AOL Selling AIM Gateway/Listener To Employers
PizzaFace writes "After pushing free instant messaging to more than 100,000,000 users, AOL is now selling AIM-monitoring software to businesses that want to monitor and control the messaging of their employees. AIM Enterprise Gateway will reportedly sell for about $35/employee/year."
Because you can encrypt your messages.
It's a big deal because it's brilliant! It's a fantastic business plan and a wonderful idea. Get everyone to use your program such that it becomes a scourge, and make people pay to get rid of it. I love it.
They even made it so that they could be the only ones to kill it.
Brilliant! It makes me laugh out loud, what a wonderful move this is for AOL!
Employees should have no expectation of privacy for any information placed into the business equipment of the Company/government... This policy shall serve as notice to any and all that Company/government equipment may be monitored without further notice.
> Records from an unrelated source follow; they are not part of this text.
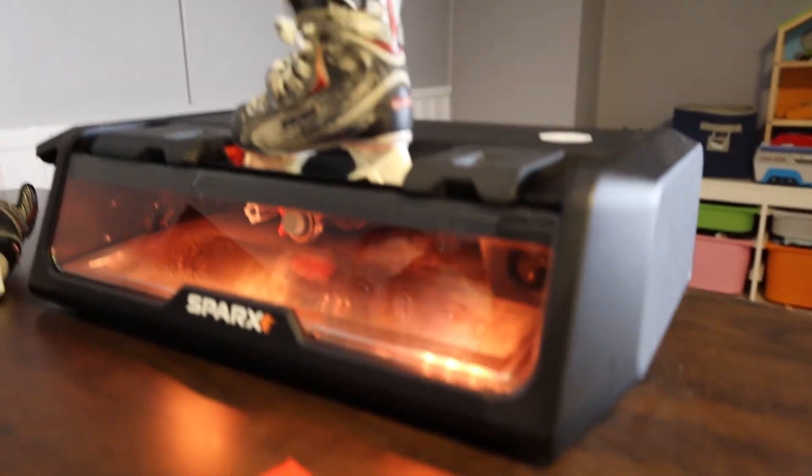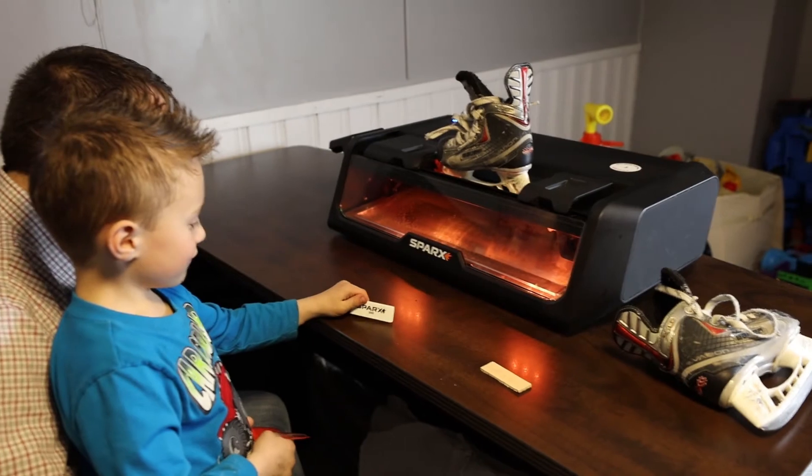A lot of the other parents have let us start sharpening their skates too, because it's a pain for them as well. After practices I'll load up the skates, bring them back, pop them in the machine, and we'll watch some hockey highlights or play some floor hockey downstairs. It's just kind of our thing to do together.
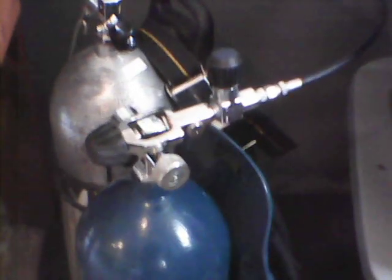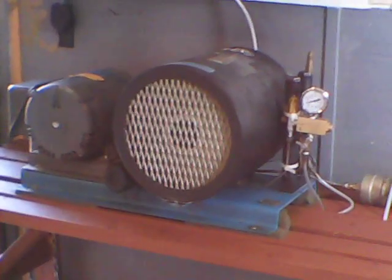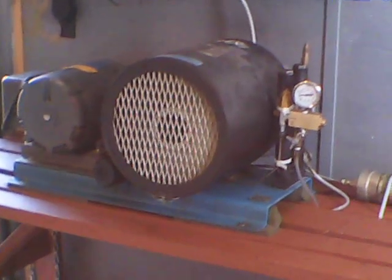This video is brought to you by the Ricks SA6 scuba compressor — oil free, with Teflon bronze impregnated rings. This was designed for the Navy SEALs, so it's very pure breathing air. It's called a sweet air compressor, and it pumps up to 5,000 PSI.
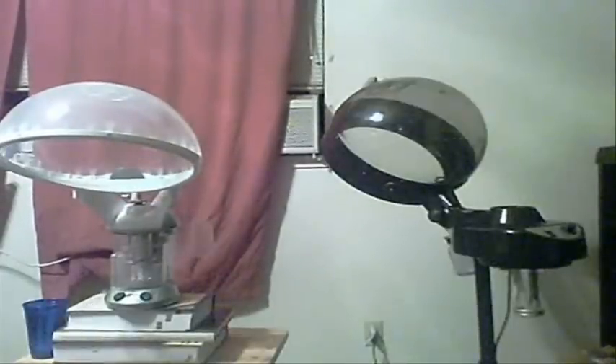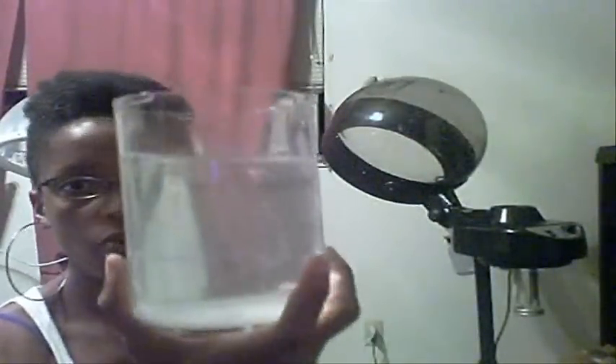Just give me a minute. We're going to put some water in and see how they steam. Okay, so I'm back. I'm just going to show you how you put the water in each one of them. This is the water cup for this one.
There is plenty of other text that details this, but that's the meat of it. Companies have a right to monitor any traffic to protect their interests. If you don't want your AOL messages watched, find a company that supports employee privacy on company equipment over covering its own ass. Good luck, because I've never heard of one.
I think it's kind of shady on AOL's part to suddenly roll over on its user base. However, there are a lot companies that don't allow IM because it's more difficult to keep an eye on than email. AOL may benefit from more acceptance as a result of this move.
The companies can still get around this, don't assume that they are that inept and encryption will protect you. One thing they can do is install and hide key logging software, software that takes screen shots of what you are writing, etc.
This sort of argument always goads me and I'll tell you why.
I was surfing around on my home PC last week and found an interesting application that could save me some time at work. I downloaded it, put it on a floppy disk, took it to work next day, installed it and saved myself 20 minutes work for the week. This was on my time; I would never have been surfing at work to find it. I have saved my boss two days work this year, and next year, the year after and so on.
Should I charge my boss for this? It doesn't really seem worth to me. It only took me a minute.
Should I complain that my work life is interfering with my home life because I sometimes think about the job even when I'm not there? I think he might laugh at me. This is the year 2002 and the boundaries, rightly or wrongly, between home and work are close.
If a company cannot trust its staff to make the odd instant message or personnel phone call then they probably are doomed. If they have the money to spend spying on staff like this then there is something terribly wrong with their attitude and I wouldn't want to work for them. If someone in the company is not pulling their weight because they are chatting all day then it will show - you don't need spying software for this.
It's about a bit of give and take. Not spying on conversations with the missus.
This post contains benzene, nitrosamines, formaldehyde and hydrogen cyanide.
How is allowing someone else to monitor my communications more secure?
Just keep in mind who the customer is. In the mass market, the customer is rarely the user.